Researchers have made a step forward in treating nerve cells damaged in spinal cord injuries, using guinea pig tissues.
Nerve cells are covered in a thick insulating layer called myelin. Very much like the insulation around electrical wires, myelin enables signals to be transmitted down the nerve without short circuiting. There are small gaps in the myelin layer where potassium channels are exposed which allows the impulse to do a kind of frog hop along the neuron, carrying the signal down the length of the cell.
The researchers subjected guinea pig spinal cord tissue to stresses that mimic a compression injury of the spinal cord. Using imaging techniques, they saw that when the nerve becomes damaged, the protective myelin layer recedes, and potassium channels are exposed throughout the length of the nerve fibre. When the nerve cells are damaged in this way, they can no longer transmit impulses accurately or efficiently. Depending on how severe the myelin damage is, the result can be impairment, or total loss, of function of the nerve.

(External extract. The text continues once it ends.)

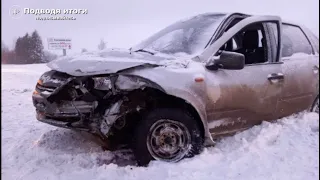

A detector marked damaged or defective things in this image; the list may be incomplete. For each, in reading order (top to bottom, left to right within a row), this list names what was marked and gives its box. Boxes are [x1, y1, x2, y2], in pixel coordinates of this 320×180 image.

crumpled car hood [47, 48, 188, 76]
damaged white car [31, 11, 318, 165]
broken front bumper [31, 93, 95, 131]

Spinal cord injuries share many features with multiple sclerosis (MS). The team therefore took a derivative of the MS medicine fampridine and tested it on damaged guinea pig spinal cord tissue. The treatment restored function to the neurons, which were then able to successfully transmit signals. The researchers discovered that this is because the derivative is a potassium channel blocker, which prevents the leaking of electrical current and enhances nerve conduction.
Fampridine has the disadvantage that it makes the nerve 'groggy' by increasing the time between nerve pulses. Its derivative did not have this effect, and was about 10 times more potent than the parent drug, reducing the likelihood of side effects. The compound will now be tested in live animals, and for use in MS as an alternative to fampridine.